WORK TASK >>
Your answer must restate the listing below word for word and contain no images.

SUPPLIED INFORMATION >>
+ + + + +

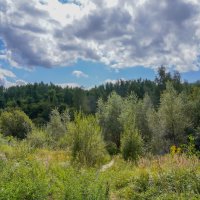 Под небом августа... :: Владимир Жданов Под небом августа... :: Владимир Жданов
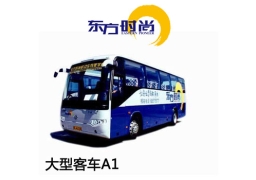 增駕大客平日班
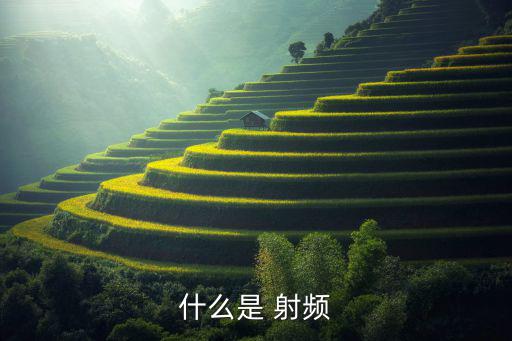什么是 射频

+ + + + +

RESPONSE >>
 Под небом августа... :: Владимир Жданов Под небом августа... :: Владимир Жданов
 增駕大客平日班
什么是 射频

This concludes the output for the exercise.